Quick: what will people do for a living in the future? How will market goods be transported to increasingly acquisitive and impatient customers? How will law enforcement protect people if a booming economy makes working in the sector a fool’s errand? Tick tock, tick tock…
What’s important about all three questions is that if anyone reading this opinion piece had a solid answer to all three or even one of the questions, this person would be staring at a prosperous future of the centi-millionaire, and realistically billionaire variety. Stated simply, the present is a lousy indicator of a commercial future that is opaque.
The lack of certainty about what’s ahead explains what Oaktree Capital co-founder Howard Marks, and other world’s greatest investors mean when they say the best investments are entered into with a great deal of trepidation, lost sleep, and realistically both. Wealth is knowledge borne of investment, but the path to knowledge can be incredibly costly.
The above truth rates serious thought as politicians from both sides of the political aisle, including Sens. Jon Tester (D-MT) and Rick Scott (R-FL), promote dangerous, economy-sapping legislation like the Countering CCP Drones Act.

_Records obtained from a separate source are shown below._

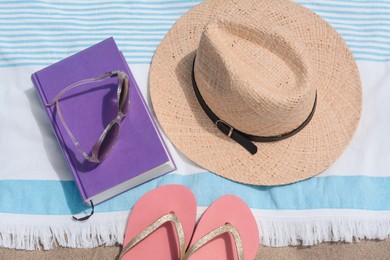 Photo of Beach towel with straw hat, book, sunglasses and flip flops on sand, flat lay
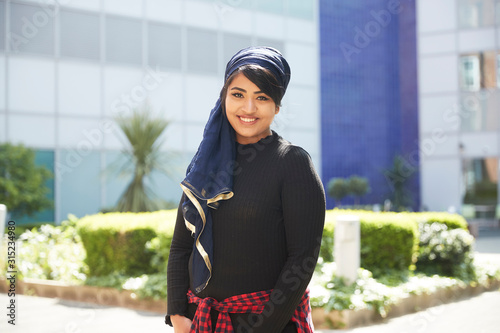 Portrait confident young woman wearing headscarf in sunny park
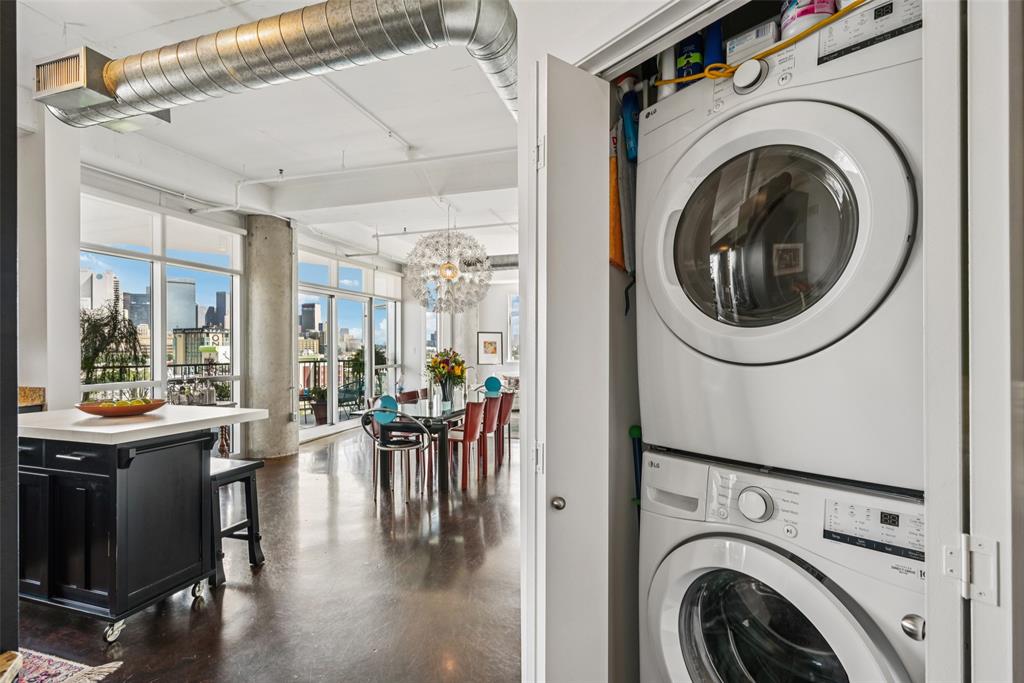 1001 Belleview Street, Unit 708 Dallas, TX 75215 - Photo 15 of 40 a view of a hallway with washer and dryer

The latter, along with other legislation like it aims to place nosebleed tariffs on drones manufactured by DJI Technology, with a near-term goal of banning drone purchases from DJI altogether.
All of which raises a question: why the desire to suffocate and/or ban DJI drones? The answer is that DJI, while founded in Hong Kong, is based in China. Sadly, crucial Chinese products like those of DJI have become political pawns as Tester, Scott, Rep. Elise Stefanik, and many others have striven to prove their tough-on-China bona fides through the demonization of DJI.

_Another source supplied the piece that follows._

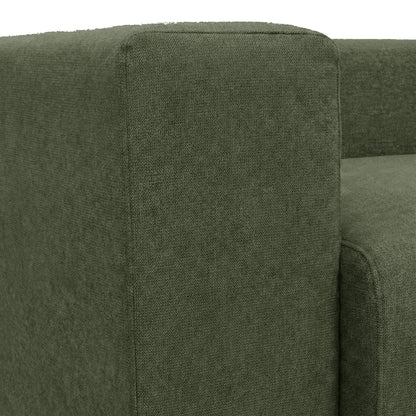 Close-up of dark green sofa armrest and seat cushion on white background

Naturally, the legislators are wrapping their protectionism in national security sanctimony, but even there they reveal their thinking as hopelessly backwards. What’s the basis for the previous assertion? It’s very simple: when the productive in different countries are free to trade with each other, war becomes frighteningly expensive for the countries where the producers operate.
The above speaks to the genius of Tester, Scott, Stefanik and others getting out of the way. As a Wall Street Journal editorial has reported, “DJI accounts for around 70% to 90% of the American commercial, local government and hobbyist drone market. Real-estate agents, movie producers, firefighters, roof inspectors, utilities and law enforcement have all come to depend on the brand.” Think about what this means. Every day that the Chinese meet and lead the needs of Americans of all stripes and endeavors, the more expensive that any expansionary motives on the part of Beijing become. Call DJI yet another essential national security boost for the U.S. vis-à-vis China given the cost of warring with one’s best customers. Yet there’s more.
As this opinion piece made plain right up front, the jobs, transportation, and forms of protection that will create a better tomorrow are incredibly difficult to discern. What makes an opaque future less blurry is information, and DJI is providing this information to every American. If DJI is right that its drones will power ever more American economic activity well into the future, the American people will be quite a bit richer and safer thanks to DJI’s intrepid stab at inventing how things will be done.
On the other hand, if it turns out drones are replaced by something else, or many other things, Americans will have gained crucial knowledge care of DJI. Which is yet another reminder of the wonders of open lanes of trade: by working for each other, and leading one another, we all divide up the substantial cost of discovering the future.